• _WORK TO COMPLETE_: Could you repeat exactly the lines from the one containing "Турецкий сериал Аси" through the last line of the records, with no pictures?

Collection entries
Segment Open
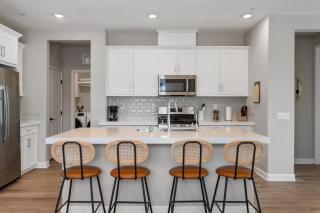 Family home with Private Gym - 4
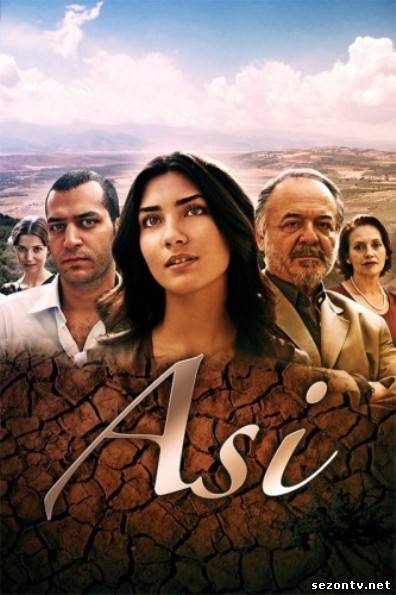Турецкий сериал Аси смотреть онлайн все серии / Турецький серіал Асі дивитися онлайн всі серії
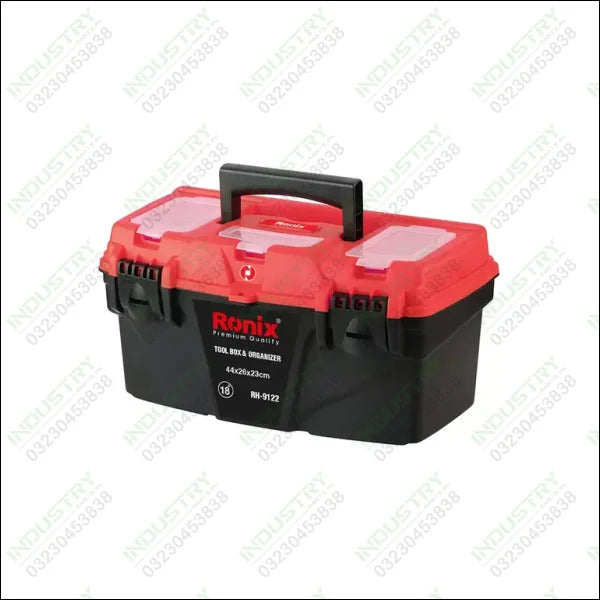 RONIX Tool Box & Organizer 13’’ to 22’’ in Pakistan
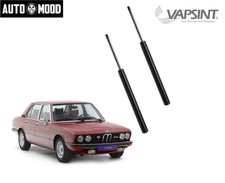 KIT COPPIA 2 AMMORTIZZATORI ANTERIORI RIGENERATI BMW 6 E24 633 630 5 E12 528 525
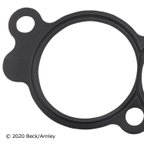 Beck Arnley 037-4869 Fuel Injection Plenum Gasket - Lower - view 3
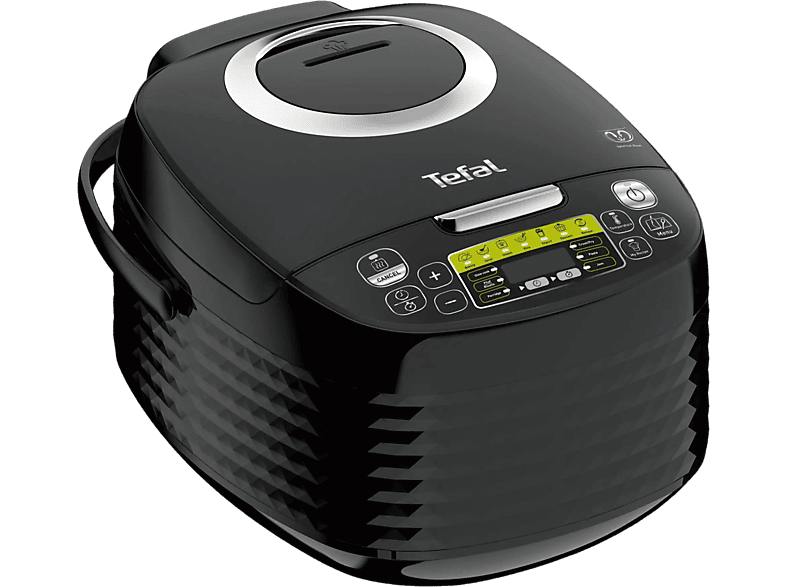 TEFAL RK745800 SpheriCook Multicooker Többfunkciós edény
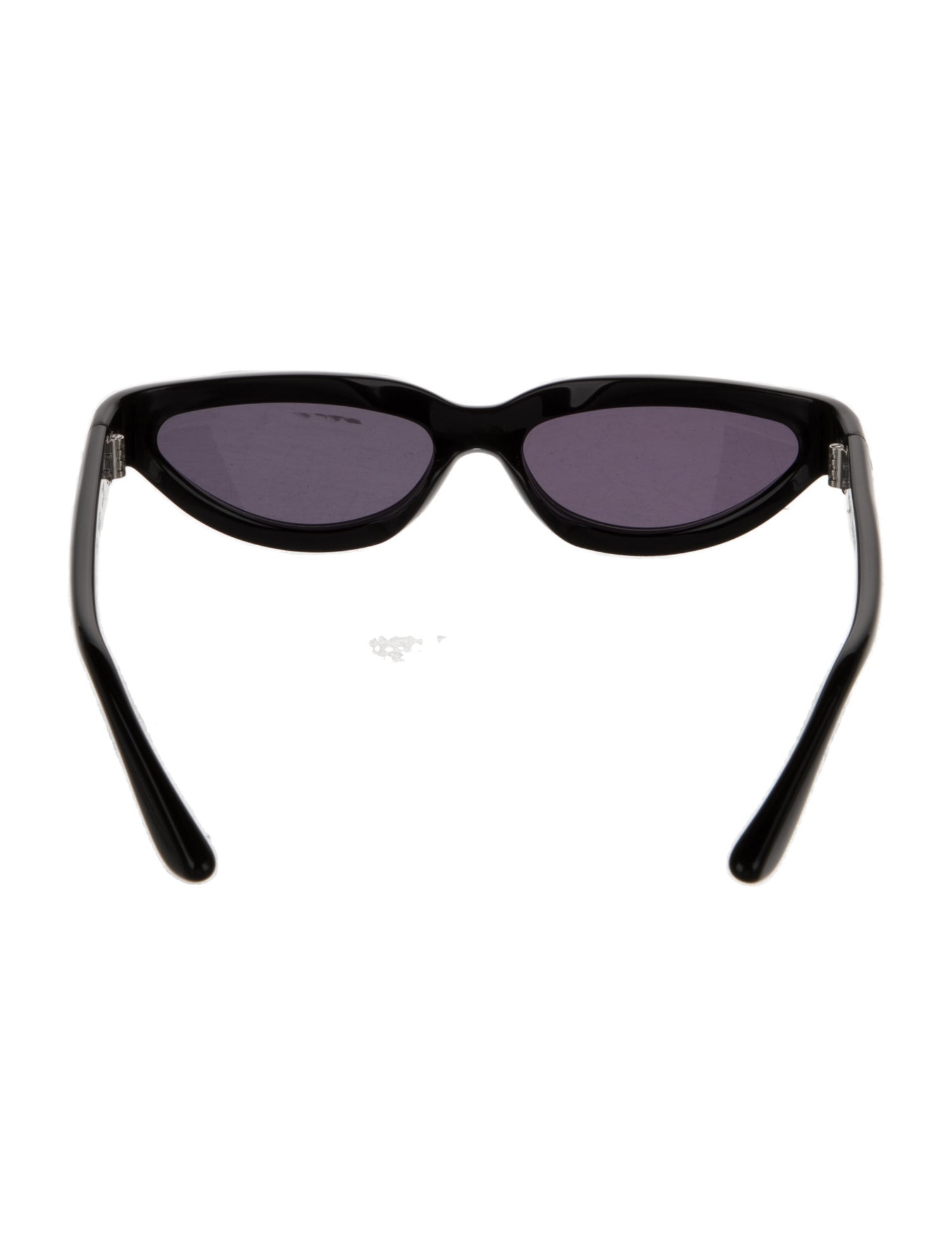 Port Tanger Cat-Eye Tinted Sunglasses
Segment Closed
• _EXERCISE OUTPUT_:
Турецкий сериал Аси смотреть онлайн все серии / Турецький серіал Асі дивитися онлайн всі серії
 RONIX Tool Box & Organizer 13’’ to 22’’ in Pakistan
 KIT COPPIA 2 AMMORTIZZATORI ANTERIORI RIGENERATI BMW 6 E24 633 630 5 E12 528 525
 Beck Arnley 037-4869 Fuel Injection Plenum Gasket - Lower - view 3
 TEFAL RK745800 SpheriCook Multicooker Többfunkciós edény
 Port Tanger Cat-Eye Tinted Sunglasses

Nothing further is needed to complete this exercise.